The big money is moving.
Or rather, it’s changing hands.

Saudi Arabia’s Public Investment Fund (PIF) is dialing back its direct exposure to massive tourism projects. They want private capital to pick up the tab for the actual execution. Yasir Al-Rumayran, PIF governor, made this clear in April. The fund will still eat the early-stage risk—that part hasn’t changed. But for the rest? Investors need to bring their own cash.

It’s a strategic pivot.

The numbers suggest it’s working. At least, on paper.

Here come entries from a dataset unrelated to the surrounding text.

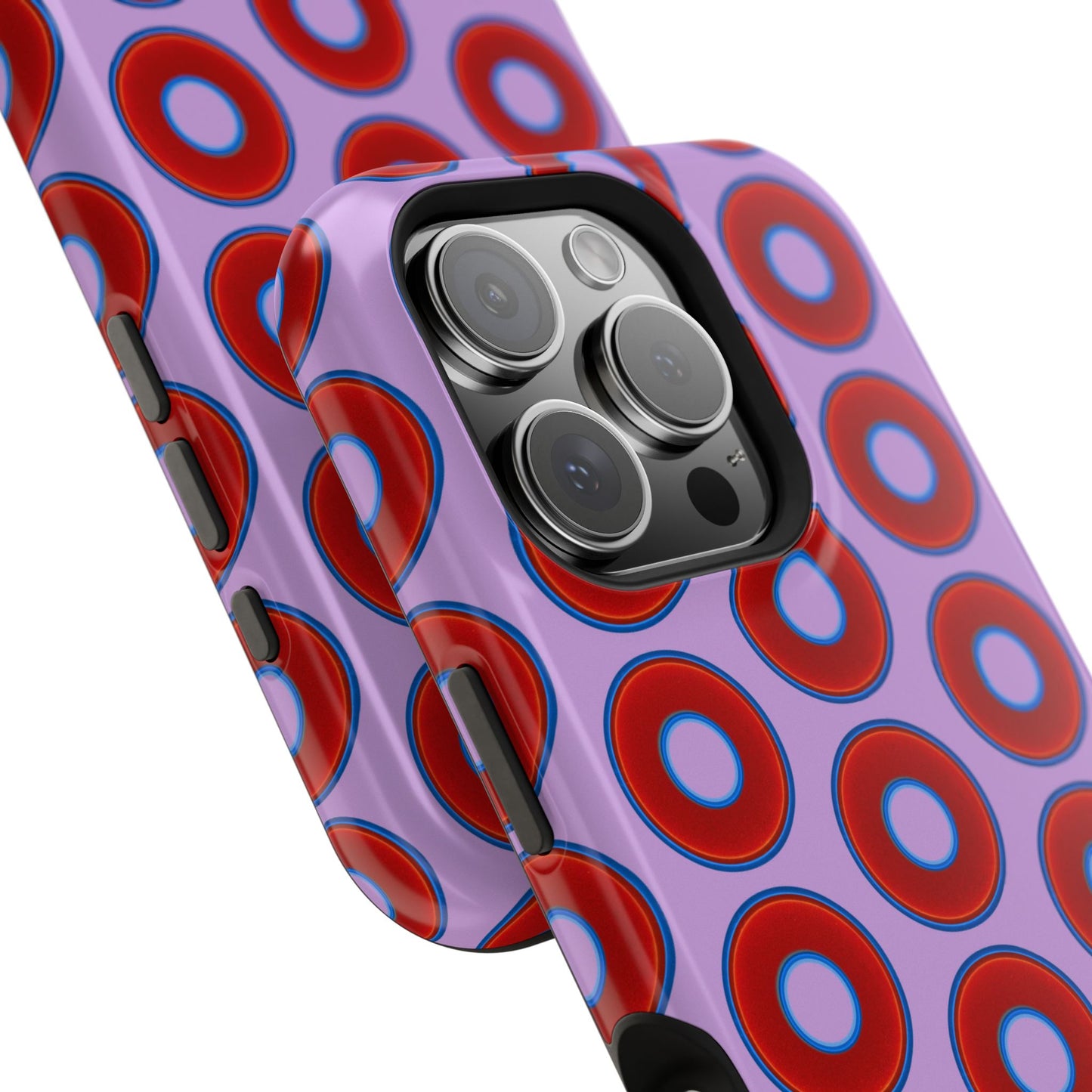 Impact-Resistant Lumpy Donut Case - red vivid donut print w/wisteria purple background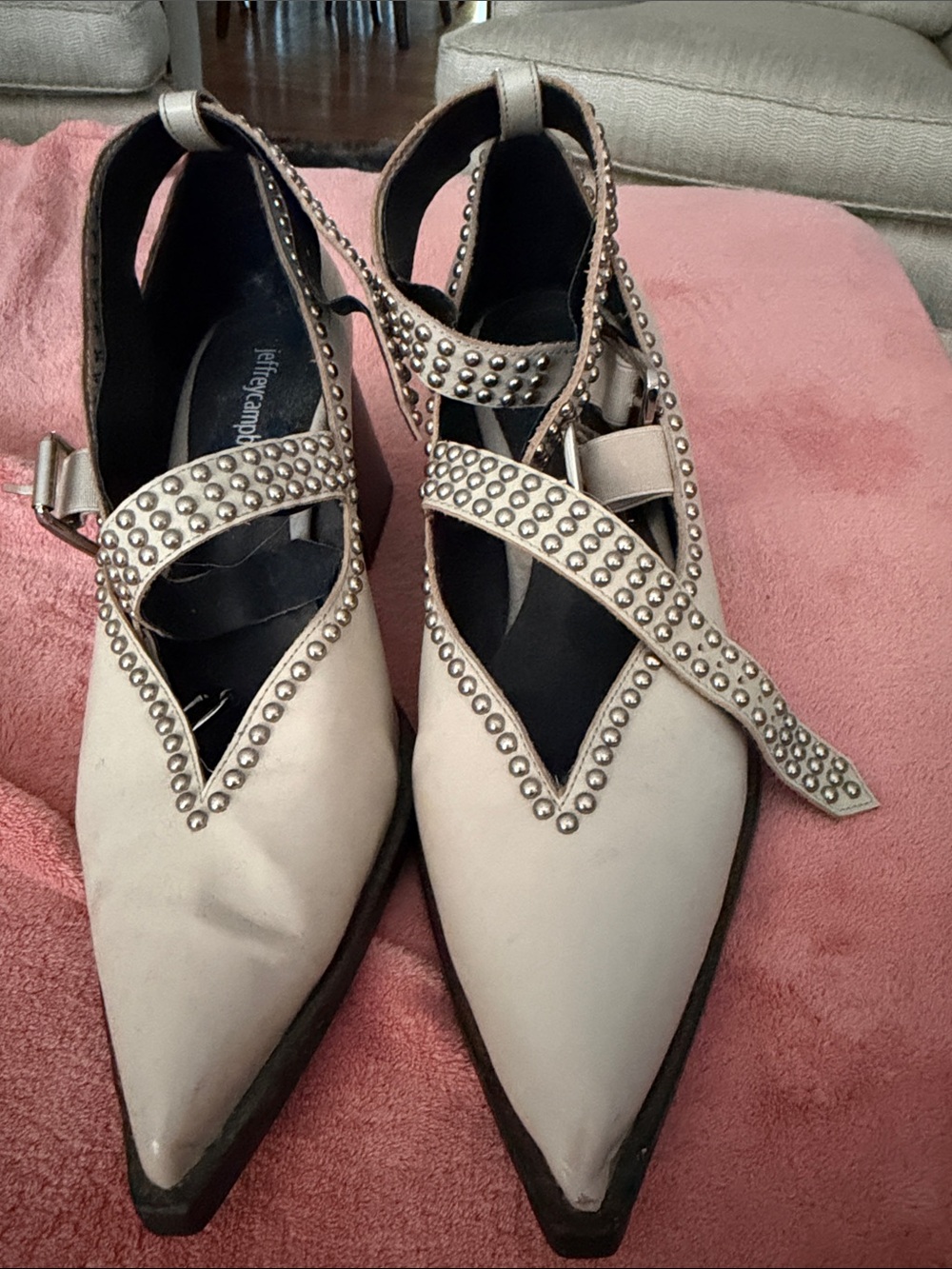 Jeffrey Campbell Cream Pointed Studded Cross-Strap Flats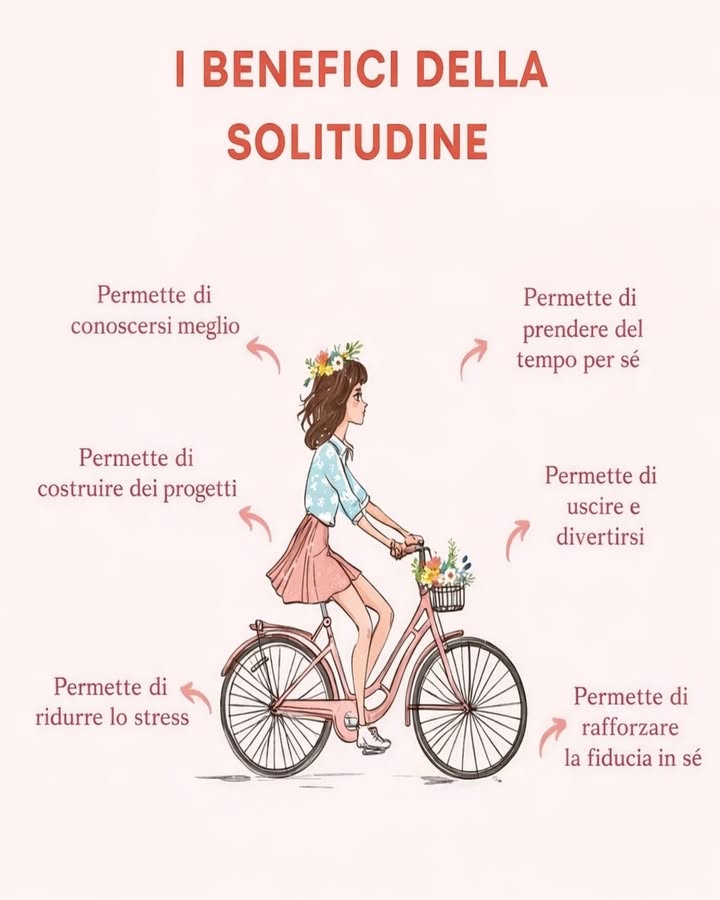 I benefici della solitudine consapevole 
La solitudine, se vissuta in modo sano, può diventare una risorsa preziosa per il benessere personale. Offre uno spazio intimo per rallentare, ascoltarsi e ritrovare equilibrio.
易 Conoscersi meglio
Il tempo trascorso da soli favorisce lintrospezione e aiuta a comprendere meglio pensieri, emozioni e bisogni personali.
 Prendersi tempo per sé
La solitudine permette di dedicare attenzione a se stessi, senza pressioni esterne o aspettative altrui.
 Costruire progetti
Momenti di calma e concentrazione aiutano a chiarire obiettivi e a dare forma a nuove idee con maggiore lucidità.
 Ridurre lo stress
Stare soli consente di rallentare i ritmi, abbassare la tensione e recuperare energia mentale ed emotiva.
 Uscire e divertirsi
La solitudine insegna a godere delle esperienze in autonomia, valorizzando la libertà e il piacere delle piccole cose.
 Rafforzare la fiducia in sé
Imparare a stare bene da soli contribuisce a sviluppare sicurezza interiore e indipendenza emotiva.
La solitudine consapevole non è isolamento, ma unopportunità per crescere, ritrovare equilibrio e costruire una relazione più autentica con se stessi.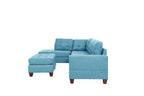 Poundex F6505 3 pc blue poly fiber fabric sectional sofa reversible chaise and ottoman nail head trim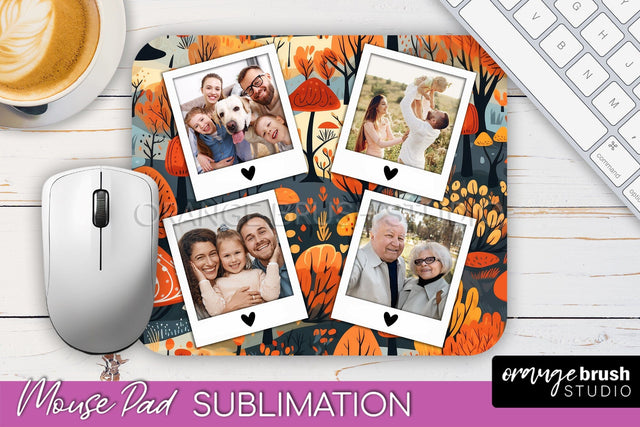 Autumn Photo Frame Mouse Pad Sublimation, Add Your Picture Sublimation OrangeBrushStudio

According to the General Authority for Statistics, foreign direct investment inflows jumped 2.4% year-over-year in the first quarter of Certares 2026, landing at 26.6 billion riyals (roughly $7.1 billion). The Ministry of Tourism claims private money now funds nearly half (48%) of all tourism investment and 60 of new hotel keys.

Private capital isn’t just a backup anymore; it’s co-leading.

But let’s pause there.

Those Ministry figures haven’t been independently verified. They’re projections. Or goals. Hard to say which without a second opinion. Still, the sentiment in the market has shifted. Investors see an opportunity, not just a sovereign bet.

Take Certares, for example. The private equity firm is actively scouting a public-private partnership model for Saudi tourism. They’re not waiting for the PIF to hand them a check. They’re looking for joint ventures.

Does that mean the crown jewels are up for grabs?

Not necessarily.
But the gates are opening.

The old model was state-funded monoliths. The new one? Fragmented. Diverse. Riskier for the investor, yes. But also potentially more efficient. When you have to pay for it yourself, you think twice before pouring concrete into a desert.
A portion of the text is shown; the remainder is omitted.